HP has announced that enterprises world-wide have chosen the HP Performance Optimized Data Center (POD) to quickly expand data center resources while maximizing efficiency.

Based on HP Converged Infrastructure, the HP POD enables clients to expand rapidly while addressing critical data center challenges related to space, power and cost. HP’s modular data center offerings include the HP POD 20c, 40c and the 240a. Also referred to as the HP EcoPOD, the HP POD 240a delivers the most energy-efficient design, using 95 percent less power than conventional data centers, and it can reduce initial data center capital costs up to 75 percent.

 

Local governments maximize resources to achieve $6 million in savings

The City and County of El Paso, Texas, needed to pool limited IT resources while supporting long-term growth. El Paso chose an HP POD housing HP blade servers and storage to service the IT operations of law enforcement, the judicial system and administration, which provide services to a combined population of more than 800,000.

HP designed the primary data center in a 40-foot HP POD and redesigned the existing county failover center, which consisted of aging Dell and EMC hardware and software.

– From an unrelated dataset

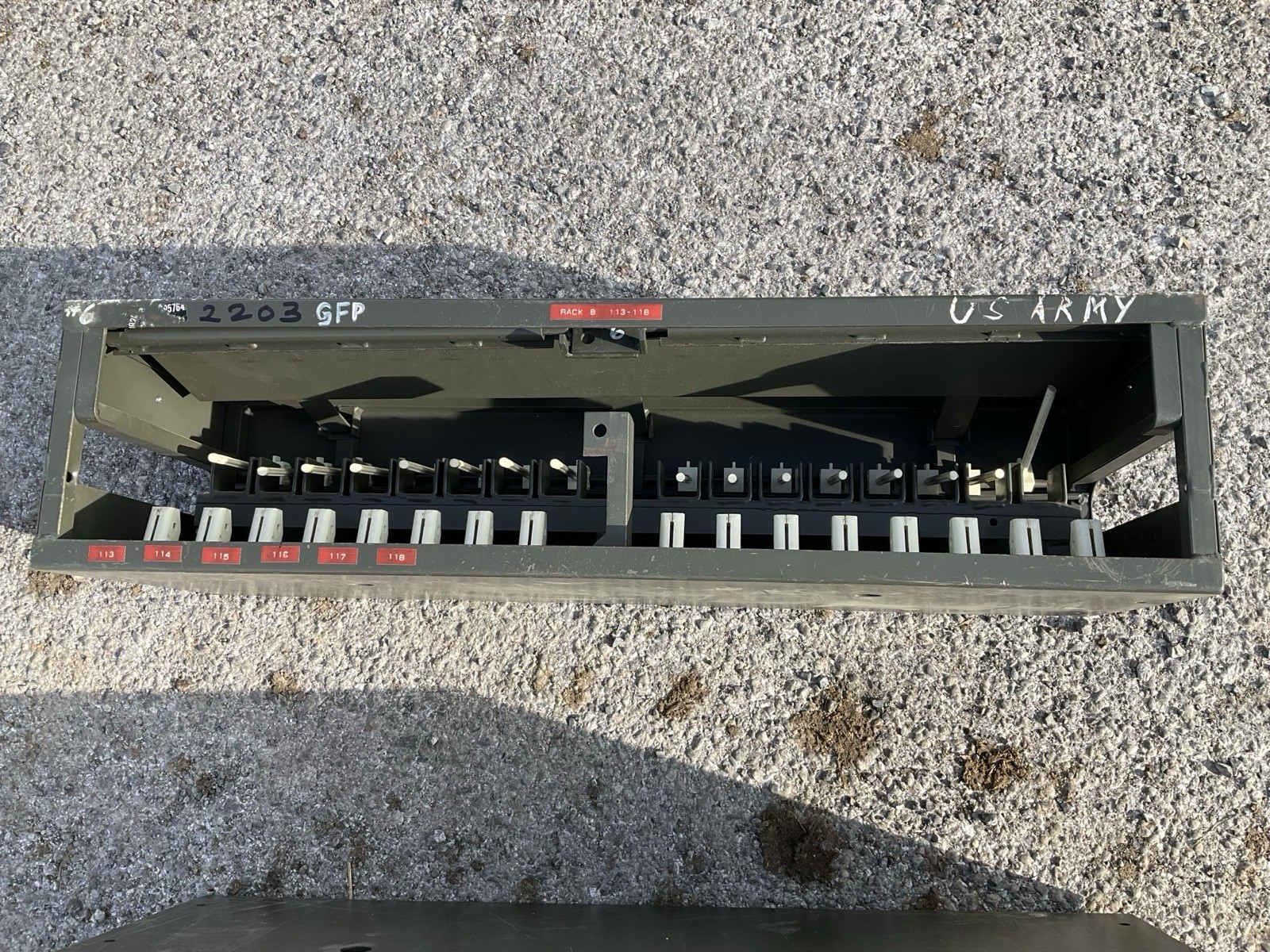 US Military Lockable Small Arms Handgun Storage Rack For 16 Pistols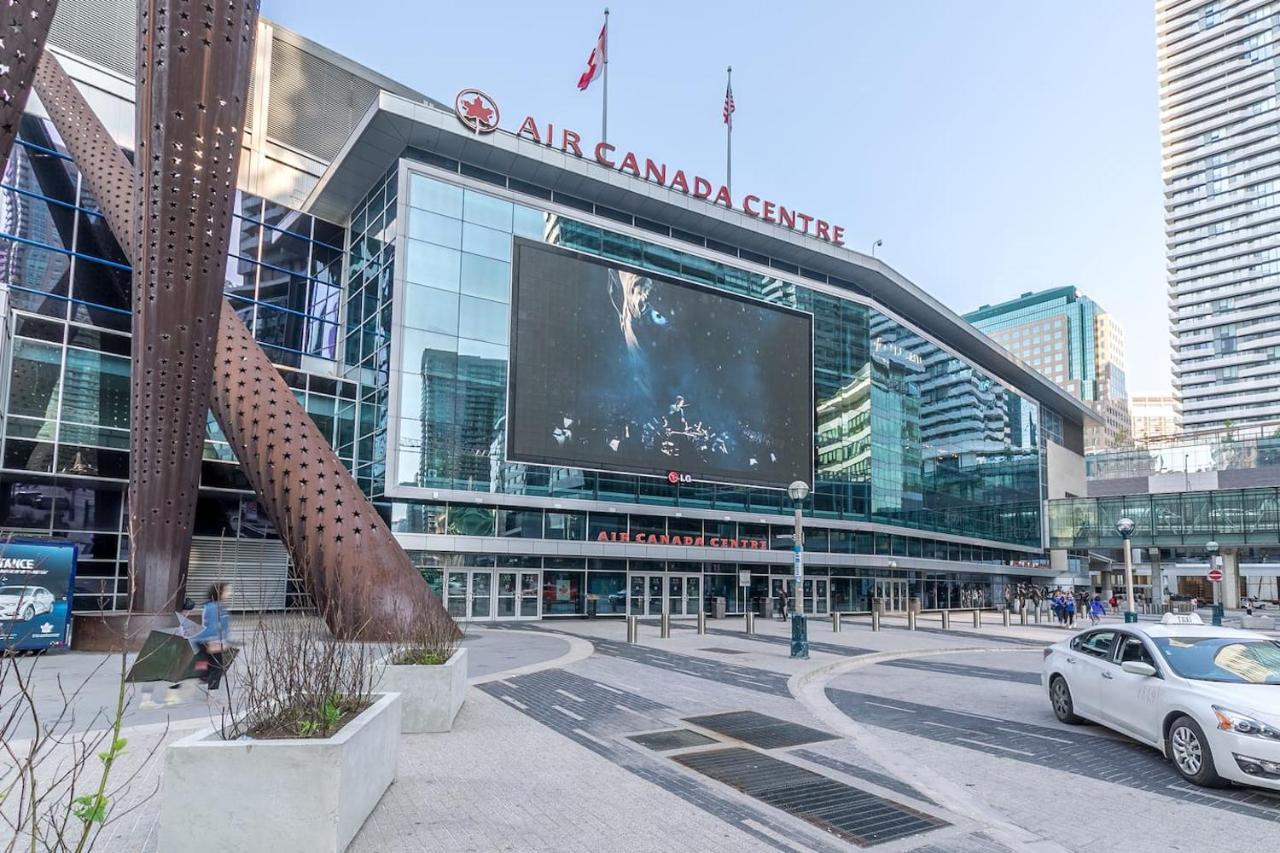Gorgeous 1Br W/Parking Across The Scotiabank Arena Apartamento Toronto Exterior foto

The deployed HP POD contains HP ProLiant BL460 servers for high efficiency and offers three-phase power to maximize the amount of power that can be delivered to each rack.

El Paso’s HP POD deployment has resulted in taxpayer savings of nearly $6 million by eliminating service duplication and consolidating IT departments.(3) The municipalities received Texas Association of Counties Best Practices Award for Innovation and the City-County Cooperation Award recognition for forward thinking and cooperation in this large-scale IT deployment.

“The vision of both The City and County of El Paso is to promote technology and efficiency for the combined entities’ customer base,” said David Garcia, director, Information Technology and Project Oversight,

El PasoCounty. “HP has carefully assisted the City and County IT teams with the planning and deployment of the HP POD to deliver modern and redundant data center facilities that benefit the taxpayer at large through better public service delivery.”

 

Integrating business units onto a singular platform

Skoda Power, a leading provider of technology, products and services for power generation based in Plzeň, Czech Republic, recently deployed a 40-foot HP POD to boost computing performance and save energy.

When Skoda Power became a subsidiary of Doosan, an industrial facilities company in 33 countries, the two companies consolidated their IT infrastructures into a single shared platform. Skoda Power selected an HP POD to provide rapid, cost-effective and flexible data center capacity that is energy-efficient and environmentally sustainable. The water-cooled HP POD consumes up to 40 percent less power than alternative solutions, decreasing operating expenses and delivering increased power capacity.

 

Increasing capacity to compete with HPC

A growing number of research institutions are selecting the HP POD to drive their HPC operations forward with modular computing. To support a new supercomputer system as part of the Australian government’s $1.1 billion Super Science Initiative, scientific and research organization iVEC deployed an HP POD 20c to fuel research in the radio astronomy, nanoscience, geoscience, and other leading computational communities.

“In order to service our community effectively, we needed a facility that could deliver massive scale-up capabilities” said Andrew Rohl, executive director, iVEC. “HP’s POD technology will enable Australian research organizations to compete on the global stage as we further development of codes, techniques and best practices to significantly increase our compute capacity.”

Similarly, the University of California, Los Angeles, extended its virtual HPC cluster to house 1,500 compute nodes – the equivalent of 5,000 square feet. As a result, the university is currently saving nearly $198,000 per year in power costs.